Exxon Mobil Corp. Chairman Lee R. Raymond, also speaking at the conference, believes there will be a “substantial increase” in natural gas use over the next 20 years. Exxon is forecasting gas to supply about 25% of world energy demand by 2020, with LNG use growing four times over by then.

As gas becomes more important, Brinded stressed that gas markets will not develop in the same way as the oil markets because of gas’ high development, storage and transportation costs. “Long-term contracts will tend to prevail as customers require security of supply, and investors need confidence in markets before making investment decisions.”

The “falling indigenous supply from maturing fields in the U.S. and the EU (European Union) will not be enough to meet steadily rising demand,” said Brinded. “The U.S. won’t be able to rely only on Canada, nor Europe only on Russia, to meet the shortfall. More imports will be needed — and LNG will have some 15-20% of those markets by 2020 or so.”

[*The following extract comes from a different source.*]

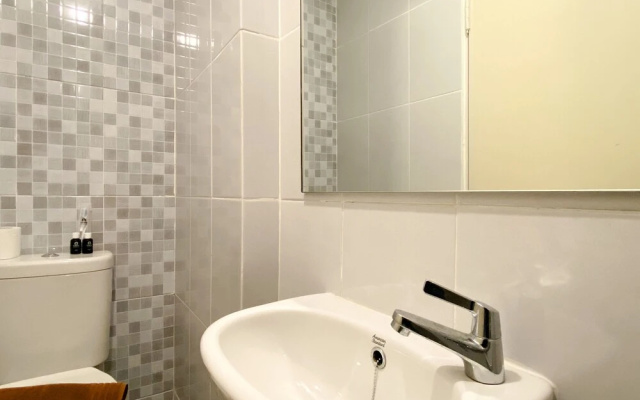 New Furnished And Cozy Studio Tokyo Riverside Pik 2 Apartment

U.S. markets will exert a “major pull” in the LNG market by 2010, Brinded said. “Not all the potential regasification projects in North America will come to fruition, of course. But market analysis suggests 40,000-80,000 tons/year of open demand in the next 10 years.”

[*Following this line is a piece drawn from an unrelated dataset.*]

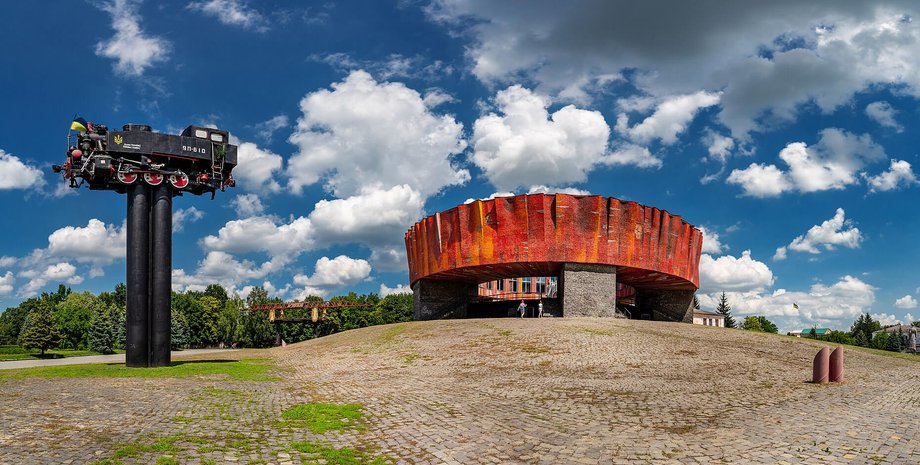 Шепетовка, музей Островского, тачанки, бронепоезд, Как закалялась сталь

Currently, there are 12 countries with LNG plants with about 110,000 tons of annual sales, Brinded said. According to the Department of Energy there are 17 LNG export terminals worldwide, 40 LNG import terminals and 136 specially-designed LNG ships.

Arlington, VA-based Energy Ventures Analysis Inc. recently reported in its long-term FuelCast outlook that 42 gas liquefaction projects have been proposed worldwide, totaling 27.2 Bcf/d of incremental LNG supply output. The group of proposed projects include 19 expansions and 23 greenfield projects with 15 of the greenfields serving the Pacific basin and 27 capable of serving the Atlantic basin.

Meanwhile in addition to the four LNG import terminals that are currently operating in the United States, about 34 new LNG import terminals are planned for North America along the Pacific, Atlantic and Gulf Coasts.

“In 10 years’ time there will be more than twice as many plants in twice as many countries supplying twice as much LNG to a larger base of customers — which will be good for everyone,” Brinded said, predicting that as much as $80 billion a year over the next 10 years may be spent to support LNG growth “in just the Atlantic Basin; and about two-thirds of that is likely to relate to North America.”

Regional price differences still will predominantly reflect the fundamental supply and demand balance and number of customers in each region, as well as LNG shipping and storage costs, said Brinded. However, the prices will include “mushy and delayed action transmission, quite different from the direct drive of the oil market.” Another trend he sees will be toward international gas contracts, which most likely will be long rather than short-term.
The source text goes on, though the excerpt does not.